● **YOUR OBJECTIVE**: Where the records below begin, start copying, and stop after the line that contains "JAGS, Beading Wire"; reproduce every line exactly but omit pictures.

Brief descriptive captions
··········
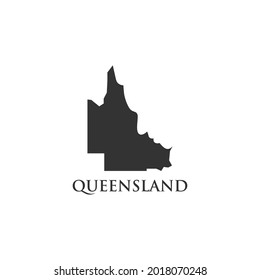 Queensland Map and Crown Symbol. Australia Territory and Queen Icon. vector logo illustration.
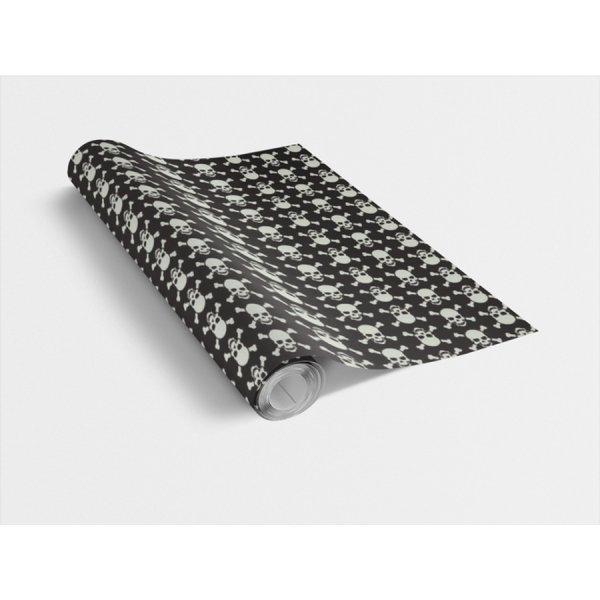 SKULLS WHITE / fekete fehér koponyák  45cm x 15m öntapadós tapéta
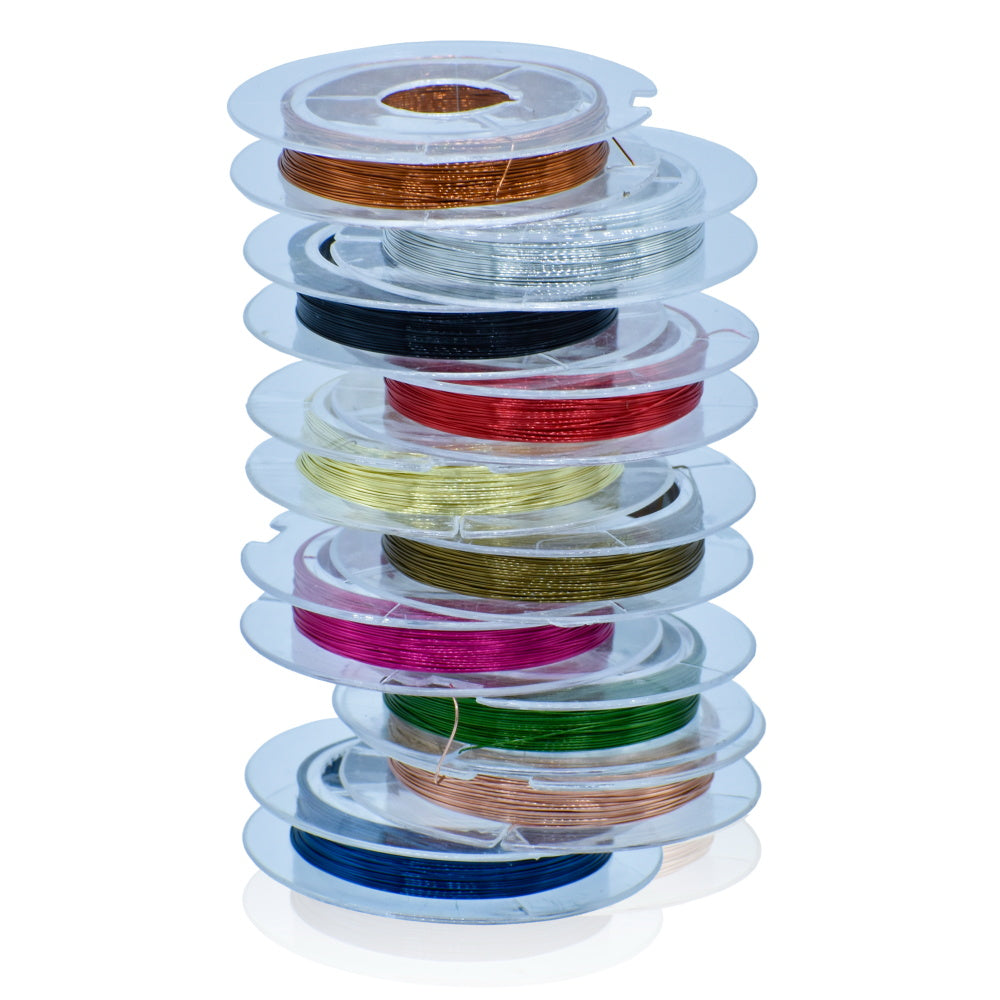 JAGS, Beading Wire Roll -  Craft | Mix Colour | 10 pcs | 9 m.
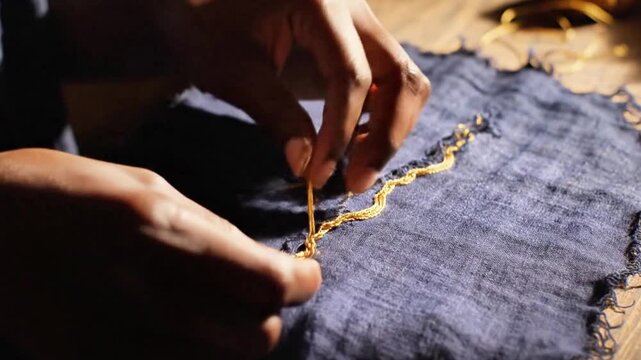 A person's hands delicately mending a piece of torn, worn fabric using gold thread (Kintsugi style).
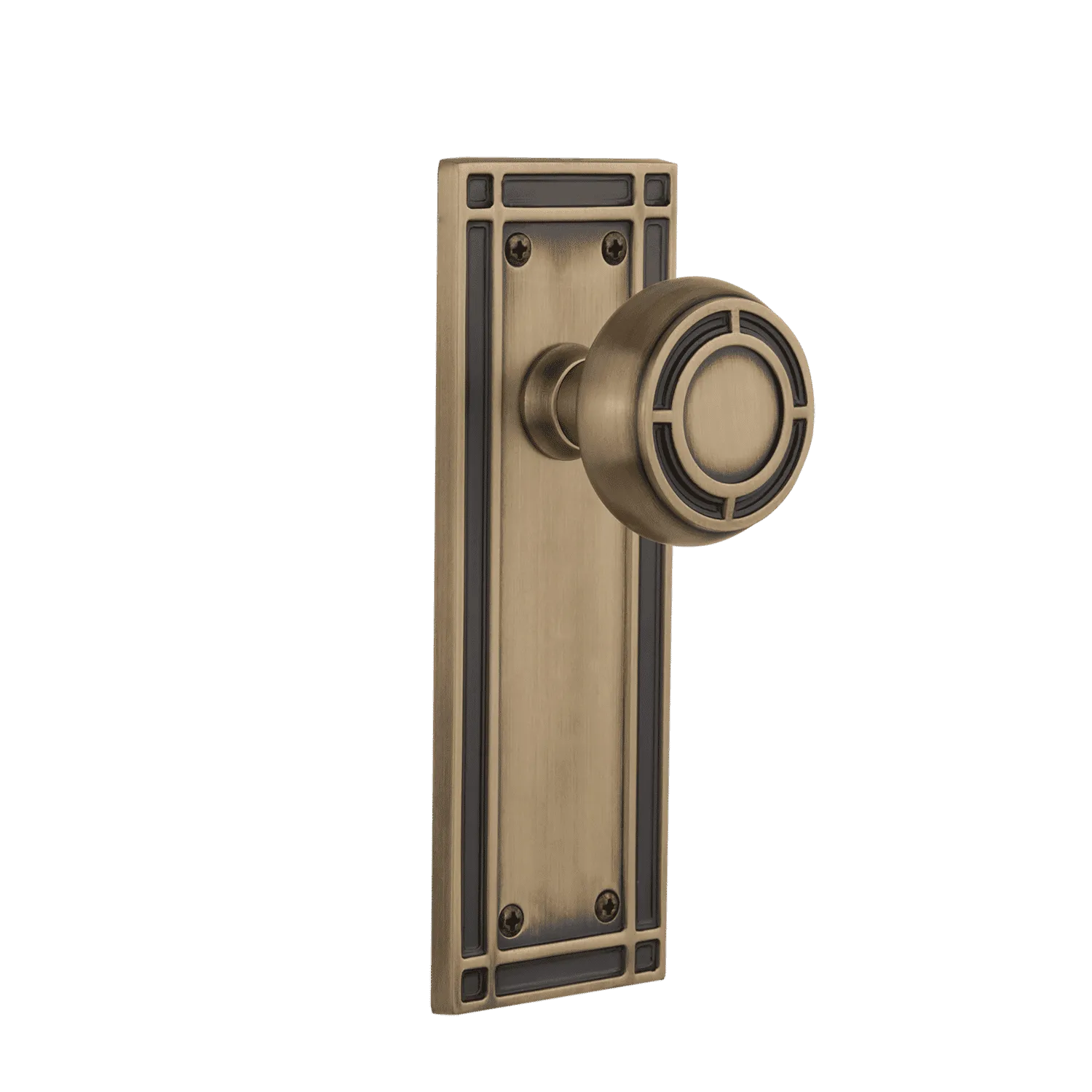 Mission Long Plate with Mission Knob in Antique Brass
··········
● **ANSWER FOR THIS EXERCISE**:
 Queensland Map and Crown Symbol. Australia Territory and Queen Icon. vector logo illustration.
 SKULLS WHITE / fekete fehér koponyák  45cm x 15m öntapadós tapéta
 JAGS, Beading Wire Roll -  Craft | Mix Colour | 10 pcs | 9 m.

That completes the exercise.